Have you ever seen really early photographs of urban areas?
They never seem to have any signs of activity: no horses; no carriages; no people on the busy streets.
The reason isn’t that photography was such an expensive novelty that the streets were shut down and tidied up to produce the best-looking pictures.
It’s because exposure times were so long that no-one was still enough to impinge on the image, so only the architectural solidity of the cityscape was recorded.
(The earliest known photo of a person is said to be the man at the bottom left of the image above, who had apparently stopped on a Paris street for a shoeshine some time in April or May of 1838.)
We’ve had a similar problem taking reliable snapshots of the internet, because doing a network scan of the whole thing has typically taken weeks or months to complete.
If there was a server dishing out web pages from IP number 198.51.100.42 when you started your scan, who’s to say it was still there when you finished?
If the network 203.0.113.0/24 seemed totally deserted when you passed by, who’s to say it didn’t suddenly burst into life once you’d moved on to the next network block?
You may have heard of Nmap, which we’re fond of at Naked Security (its creator, Fyodor, is the owner of one of our T-shirts), and if you have, you might wonder why we need yet another network mapping tool.
The answer is that Zmap doesn’t aim to compete with or replace existing, general-purpose mappers like Nmap, which is excellent for scanning subnetworks in depth.
Zmap was built expressly (pun intended) to do a shallow scan – typically of a single port or service – of the entire internet, or at least the IPv4 internet, from a single, dedicated computer, in under an hour.
If you’ve done any network scanning, that probably sounds like an outrageously unachievable goal, especially when previous internet scanning projects have needed weeks or even months to achieve a similar result.
But Zmap has, by all accounts, done so, thanks to a few new tricks.
For a start, how do you proceed quickly yet systematically?
If you go in numeric address sequence, much like a Google StreetView car has to since it can’t be in Caracas, Venezuela at 14:00 and in Brisbane, Queensland at 14:01, there will be whole subnets where you can only proceed slowly because the target network is slow.
Your probe packets – even though you are only sending one ethernet frame per probe – will enter the target network much more slowly than you can send them out, so you will receive your replies correspondingly slowly.

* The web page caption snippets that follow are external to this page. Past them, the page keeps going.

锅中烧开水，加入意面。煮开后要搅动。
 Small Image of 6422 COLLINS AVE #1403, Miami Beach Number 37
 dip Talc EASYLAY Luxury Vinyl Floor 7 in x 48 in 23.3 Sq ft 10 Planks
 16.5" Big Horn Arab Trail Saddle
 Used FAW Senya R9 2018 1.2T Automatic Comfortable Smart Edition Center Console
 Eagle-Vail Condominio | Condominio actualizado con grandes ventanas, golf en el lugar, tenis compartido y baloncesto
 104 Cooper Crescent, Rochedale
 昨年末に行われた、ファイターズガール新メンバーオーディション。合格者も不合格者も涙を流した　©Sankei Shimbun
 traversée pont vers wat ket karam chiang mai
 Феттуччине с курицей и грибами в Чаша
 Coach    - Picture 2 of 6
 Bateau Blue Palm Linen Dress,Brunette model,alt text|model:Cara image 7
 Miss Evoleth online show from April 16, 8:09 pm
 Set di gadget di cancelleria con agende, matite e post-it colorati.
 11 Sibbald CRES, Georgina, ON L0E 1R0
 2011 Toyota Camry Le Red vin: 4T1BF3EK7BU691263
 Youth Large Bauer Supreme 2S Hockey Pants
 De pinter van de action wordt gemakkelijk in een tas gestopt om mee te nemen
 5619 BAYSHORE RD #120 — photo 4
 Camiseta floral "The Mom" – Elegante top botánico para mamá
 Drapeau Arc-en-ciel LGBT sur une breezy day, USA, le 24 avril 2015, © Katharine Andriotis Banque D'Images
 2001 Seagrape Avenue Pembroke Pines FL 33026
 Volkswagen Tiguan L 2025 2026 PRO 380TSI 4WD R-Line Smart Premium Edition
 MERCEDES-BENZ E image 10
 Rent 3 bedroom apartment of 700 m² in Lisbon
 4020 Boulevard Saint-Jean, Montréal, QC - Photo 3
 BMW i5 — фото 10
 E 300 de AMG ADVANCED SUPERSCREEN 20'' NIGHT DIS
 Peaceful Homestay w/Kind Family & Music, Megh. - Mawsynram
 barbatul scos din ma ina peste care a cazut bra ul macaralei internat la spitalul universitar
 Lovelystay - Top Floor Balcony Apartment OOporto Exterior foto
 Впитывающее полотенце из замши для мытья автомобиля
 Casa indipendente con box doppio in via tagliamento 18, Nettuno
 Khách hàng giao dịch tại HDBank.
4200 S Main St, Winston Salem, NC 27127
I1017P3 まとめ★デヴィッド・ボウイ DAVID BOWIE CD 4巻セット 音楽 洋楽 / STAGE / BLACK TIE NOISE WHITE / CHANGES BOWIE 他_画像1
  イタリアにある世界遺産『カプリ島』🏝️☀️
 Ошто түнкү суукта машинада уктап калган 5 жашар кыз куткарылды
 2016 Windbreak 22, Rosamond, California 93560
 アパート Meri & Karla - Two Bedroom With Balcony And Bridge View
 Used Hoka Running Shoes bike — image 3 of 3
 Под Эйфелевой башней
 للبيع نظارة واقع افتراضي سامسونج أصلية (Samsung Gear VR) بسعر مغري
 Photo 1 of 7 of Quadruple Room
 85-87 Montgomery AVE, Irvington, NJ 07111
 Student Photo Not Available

The outcome might also be extremely antisocial to the network you are probing, effectively producing a DoS, or Denial of Service.
Zmap solved this problem by using what are known as cyclic multiplicative groups.
Before each scan, the software comes up with an iterative formula that visits each integer from 1 to 232 – 1 (all possible 32-bit numbers except zero) once each, in a pseudorandom order.
Although each successive probe follows a strict algorithmic sequence, the IP numbers bounce around throughout the IPv4 address space.
As a result, you don’t get hundreds or thousands of probes converging in on a single subnet at the same time.
When your loop gets back to the first IP number you visited, you’ve completed your random journey through the internet, but without ever bunching up your traffic in any one part of it.
The other trick Zmap used was to avoid worrying about maintaining what a computer scientist would call state.
Instead of keeping a giant list of probes it’s sent, and the time they’ve been out there, and how much longer it should wait for each one, and painstakingly updating the list with every recognised response, Zmap just lets rip through its cyclic multiplicative group.
It has one software component that spews forth the probe packets, using raw network sockets to avoid any overhead in the kernel’s TCP software stack; and another that collects and saves any replies.
With a 1Gbit/sec outbound connection, and by bypassing the TCP stack, one computer can just about fill the pipe, successfully producing more than 1 million probe packets per second.
And with a maximum of about 3.7 billion addresses available for use out of the 232 theoretical IPv4 addresses, and 3600 seconds in an hour, Zmap really can crawl across the entire surface of Planet Internet in under an hour, without needing any special network drivers.
Thanks to the cyclic random traverse through IPv4 space, that 1 Gbit/sec of probe traffic is spread in an egalitarian fashion through the internet, and so nothing gets choked up.
Replies either come back and are explicitly logged as successes, or don’t come back and are implicitly logged as failures.
The result – to me, at any rate – is quite astonishing: it just works!
As for why you would want to do this, and what you might learn, I suggest you check the Zmap paper, which has some interesting graphs measuring things like HTTPS adoption rates (see above); prevalence of buggy UPnP implementations in routers; and the number of weak cryptographic keys from Debian’s 2008 randomness bug that are still in circulation.
Of course, because of the speed at which Zmap can “make a lap” of the internet, these figures can be tracked regularly and swiftly, thus allowing their rate of change to be measured.
This was never possible before, because each “lap” typically took long enough that significant change took place while the scan was in progress, thus making its results largely useless.
Only one giant question remains.
Whatever will we do when IPv6 takes over?